Complex (NumPy) transformations possible in tf.data.Dataset pipeline?

Hi,

I want to use tf.data.Dataset as main building block in my data pipeline for training a neural network with Tensorflow that deals with time series. Ideally without resorting to custom dataloader classes.

Question: How do you perform processing that requires more than what Tensorflow can express? I.e. operations that require for example Numpy input and therefore cannot be integrated in the Tensorflow graph.

Example: Given time series data, I would like to resample the data to be able to use time series data from different sources in a single training dataset. How can that be achieved?

The reasoning behind the pipeline-integrated transformations are that those transformations only take around 10min on the whole dataset that I use. Hence, I am happy to perform them prior to training instead of deriving a dedicated dataset once.

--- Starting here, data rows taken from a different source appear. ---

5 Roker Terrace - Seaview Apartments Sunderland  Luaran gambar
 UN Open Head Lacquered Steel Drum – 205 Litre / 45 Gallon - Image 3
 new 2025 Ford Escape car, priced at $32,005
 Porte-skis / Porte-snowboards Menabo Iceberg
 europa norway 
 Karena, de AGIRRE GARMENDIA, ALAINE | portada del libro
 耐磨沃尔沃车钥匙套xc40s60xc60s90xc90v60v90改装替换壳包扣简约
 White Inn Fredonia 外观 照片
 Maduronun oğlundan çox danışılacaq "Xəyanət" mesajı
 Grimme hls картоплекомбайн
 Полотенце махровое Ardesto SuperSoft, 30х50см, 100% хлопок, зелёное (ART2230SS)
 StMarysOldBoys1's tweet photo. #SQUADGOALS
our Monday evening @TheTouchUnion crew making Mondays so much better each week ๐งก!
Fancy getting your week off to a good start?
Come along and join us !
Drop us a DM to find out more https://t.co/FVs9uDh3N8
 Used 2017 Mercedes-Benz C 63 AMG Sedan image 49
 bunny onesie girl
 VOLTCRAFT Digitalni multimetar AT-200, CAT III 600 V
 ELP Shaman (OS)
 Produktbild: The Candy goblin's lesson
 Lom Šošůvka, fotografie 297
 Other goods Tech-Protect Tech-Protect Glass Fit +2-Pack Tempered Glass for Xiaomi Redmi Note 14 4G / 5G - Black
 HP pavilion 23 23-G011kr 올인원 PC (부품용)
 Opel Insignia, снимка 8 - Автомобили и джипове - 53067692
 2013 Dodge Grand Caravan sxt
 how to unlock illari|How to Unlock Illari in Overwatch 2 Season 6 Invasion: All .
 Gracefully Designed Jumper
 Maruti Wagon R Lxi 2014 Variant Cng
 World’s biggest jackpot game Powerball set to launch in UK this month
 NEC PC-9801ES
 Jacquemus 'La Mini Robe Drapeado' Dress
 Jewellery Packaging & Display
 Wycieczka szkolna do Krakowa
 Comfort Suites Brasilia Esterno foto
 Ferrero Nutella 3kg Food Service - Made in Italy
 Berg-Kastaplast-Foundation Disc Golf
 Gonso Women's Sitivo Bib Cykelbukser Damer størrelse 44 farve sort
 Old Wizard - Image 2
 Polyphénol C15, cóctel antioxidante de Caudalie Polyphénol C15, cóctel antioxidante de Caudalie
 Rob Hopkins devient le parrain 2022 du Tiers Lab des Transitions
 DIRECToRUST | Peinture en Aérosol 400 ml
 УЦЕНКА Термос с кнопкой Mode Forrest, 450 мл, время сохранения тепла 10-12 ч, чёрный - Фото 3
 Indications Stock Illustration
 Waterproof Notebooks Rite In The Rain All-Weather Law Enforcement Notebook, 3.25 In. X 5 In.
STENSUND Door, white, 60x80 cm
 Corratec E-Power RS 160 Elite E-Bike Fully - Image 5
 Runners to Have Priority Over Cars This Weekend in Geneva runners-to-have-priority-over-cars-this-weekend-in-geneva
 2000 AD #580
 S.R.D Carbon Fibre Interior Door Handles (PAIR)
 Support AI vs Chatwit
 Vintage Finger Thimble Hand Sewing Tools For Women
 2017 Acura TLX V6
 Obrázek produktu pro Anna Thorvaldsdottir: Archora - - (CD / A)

I am aware of similar questions here (like this). Also, I am aware of Tensorflow Transform and Keras preprocessing layers. None of those options allow for example interpolation. There exists a TF implementation for interpolation - but that only works on an equidistant grid unfortunately. An interesting implementation of interpolation in TensorFlow is this one; however, I would much prefer to existing implementations in SciPy or NumPy.

What is your workflow to implement preprocessing steps that are easy with NumPy and alike if one-time performance is not crucial? Maybe using a custom dataloader is in fact easier than relying on tf.data.Dataset for those preprocessing steps?

Thanks and best wishes!

Hi @MaL ,

Welcome to the TensorFlow Forum!

You can convert the numpy dataset into the tf.data.dataset format using any of the tf.data.Dataset.from_tensors() or tf.data.Dataset.from_tensor_slices().

import numpy as np
dataset = tf.data.Dataset.from_tensor_slices(np.arange(10000))
dataset

then define the function for preprocessing as requirement and map that function to the entire dataset. Please refer these resampling and timeseries technique to tackle with different imbalanced datasets for preprocessing.

1 Like